The hygienist notices everything and made a comment recently that the left side of my mouth looked like I was doing a better job of brushing it.  I told her that made sense since I was right handed.  So, now I try to brush with my left hand half the time to even things out. It feels awkward but I know it is all for the best.  We will see if it is working next time I have my check-up.

In yoga I jokingly tell the class they need to even out their bodies or when they get older they will walk funny and I demonstrate. I also tell them if they leave class early and don't do the same poses on the other leg they will walk funny for the rest of the night. It always solicits a laugh and they stay.

This can be carried over into many areas of our lives. We tend to do the same things and stay with the same routines and get caught in ruts not realizing how "uneven" we are making our lives.  Try to do things a little differently - not only to stay balanced and even but to stay interested and excited about your day and your life.

Your yoga instructor can tell too. 

Monday, February 10, 2014

Just Take a Step

I attend a yoga conference in one of the most beautiful and interesting cities in the world every January. This year was no different. I was able to spend a week in San Francisco - the city by the bay.  The weather was so beautiful, unusually warm for January (i.e. it was 70 degrees some days), and though I've been there so many times before there were always things and places to discover that were new for me. 

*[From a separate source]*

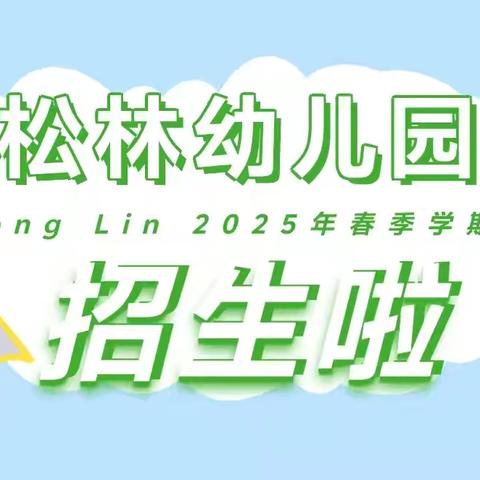 南充市高坪区走马松林幼儿园2025年春季招生公告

The weekend conference is split up into six sessions.  For one of my sessions I selected an acro yoga workshop.  Acro as in acrobatic - where one person is on the bottom as the base and the second person is on top as the flyer - with the feet or the hands of the base supporting the flyer at the hips, hands, back or feet.  We started the workshop walking around the room weaving in and out of other people.  Eventually we were asked to select a partner and stand face to face with our arms up and hands pressed together.  We closed our eyes and were told to have one partner push into the other person's hands.  The reactions were very interesting.

Some people pushed back with as much force as the pusher, trying not to get knocked over. Others simply took a step back or to the side when the force became too much.

So what do you do when the "pressure" gets to be too much?  Do you fight back with all your might?  Do you stop and realize that sometimes the best thing to do is take a step back, to the side or out of the way in some way?  Sometimes the best reaction is not a reaction at all - but merely a reflection.  

Sunday, February 2, 2014

Kicking the Bucket List

I taught an indoor cycle class for another instructor earlier in the week.  I always check in with everyone in the room and ask new people to identify themselves so I can give them tips and check them out on the bike.  One young lady told me she was new. I felt her uneasiness and asked if she was a little nervous. She admitted she was but also very excited about being there. Taking this cycle class had always been on her bucket list and she was finally here to check it off the list.

Wow. I had to pause for a few seconds and think about that one. Bucket list: a list of things one hasn't done that they want to do before they "kick the bucket"!  Typically people have things like climb the Great Pyramids or walk the Great Wall of China.  I hadn't come across anyone with cycle class on their list.  Then I thought - how cool - I get to be a part of this very special moment in this person's life.  She commented how serious everyone in the class always looked and how they would come out of class soaked with sweat from head to toe.  It was a fear she wanted to conquer.  

So, I encouraged her, gave her some tips and started the music and the ride. Part way into class I thought she might like to have this recorded so I asked if she would like me to take her picture with her phone so she could savor the memory. She was delighted and smiled for the camera through her grimace.  

At the end of class she was practically jumping up and down with delight that she had survived and I was so thrilled to have been a part of a bucket list kicking. 

The same thing happens in yoga class.  People see poses and either dismiss it as something they will never be able to do or consider it as a possibility some day and put it on their "list".

What's on your list?  Do you even have a list?  What is stopping you from doing the things you know would have you jumping up and down - silently inside or physically outside?

Take the first step - the year and the week are young and the moment is now.